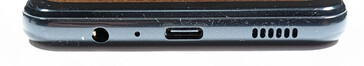 底部。 3.5毫米接口、麦克风、USB-C接口、扬声器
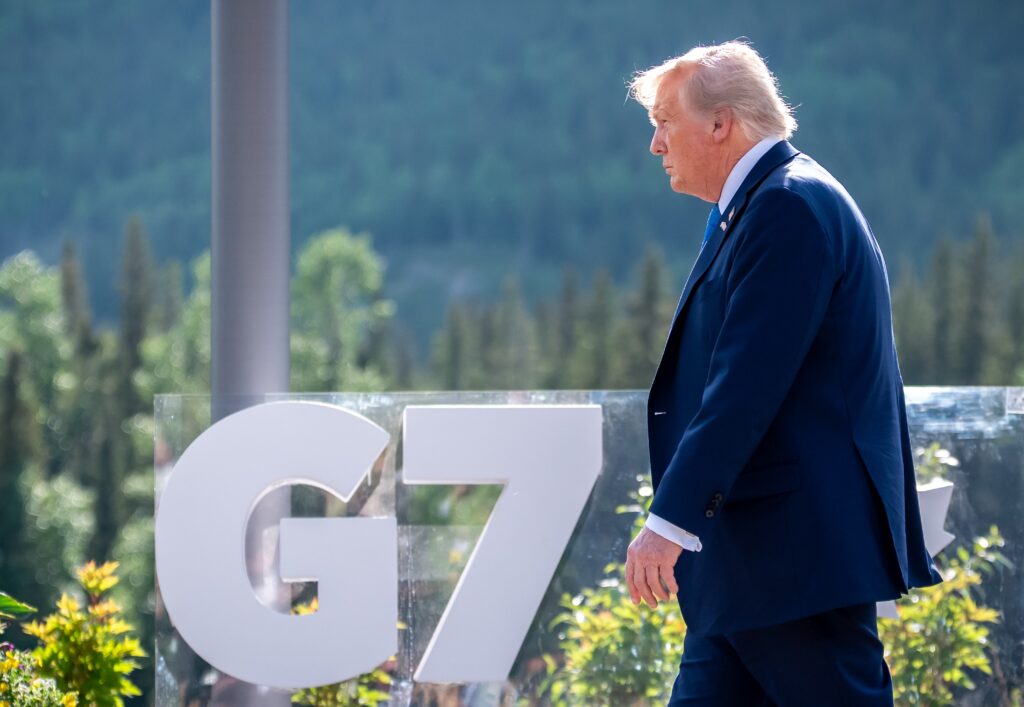 Franța amână summitul G7 ca să nu se suprapună cu gala UFC organizată de ziua lui Trump la Casa Albă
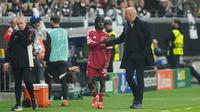 Arne Slot bersalaman dengan Jeremie Frimpong saat pergantian pemain dalam laga Liga Champions antara Eintracht Frankfurt dan Liverpool di Frankfurt, Jerman, 23 Oktober 2025. (AP Photo/Michael Probst)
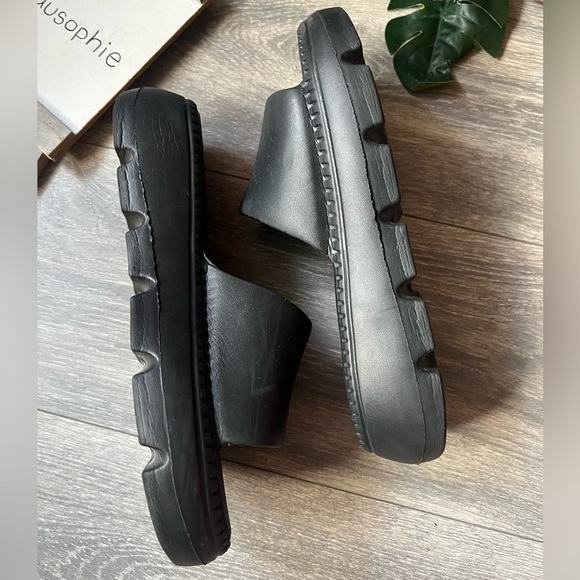 American exchange chunky platform slip on sandals in Black. Size 8. - Picture 3 of 7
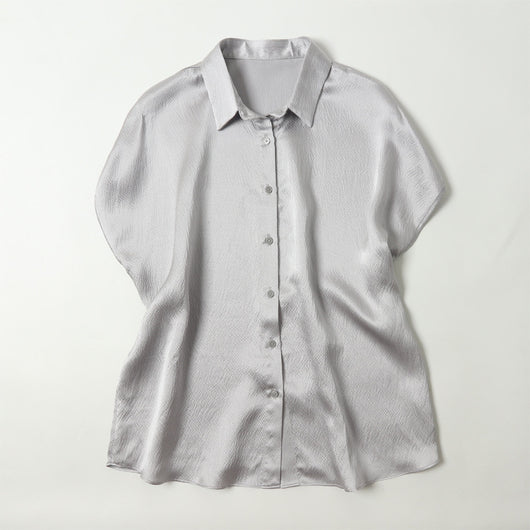 Camisa de Satén Perla con Cuello Invertido Abotonadura Simple - Image 45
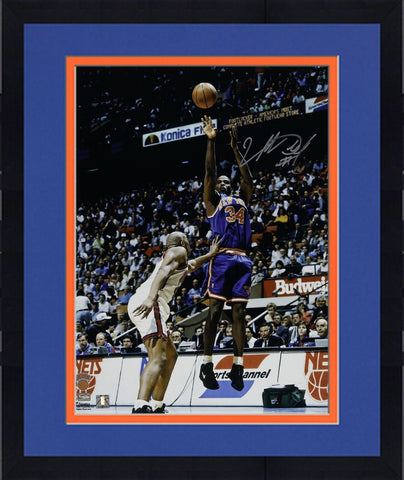 FRMD Charles Oakley New York Knicks Autographed 16x20 Shooting vs. Bucks Photo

........

* _AIM OF THE TASK_:
For this exercise, repeat word for word only the lines from the one containing "American exchange chunky" through the end of the data, including both. Pictures do not go in the copy.

* _TASK RESULT_:
 American exchange chunky platform slip on sandals in Black. Size 8. - Picture 3 of 7
 Camisa de Satén Perla con Cuello Invertido Abotonadura Simple - Image 45
 FRMD Charles Oakley New York Knicks Autographed 16x20 Shooting vs. Bucks Photo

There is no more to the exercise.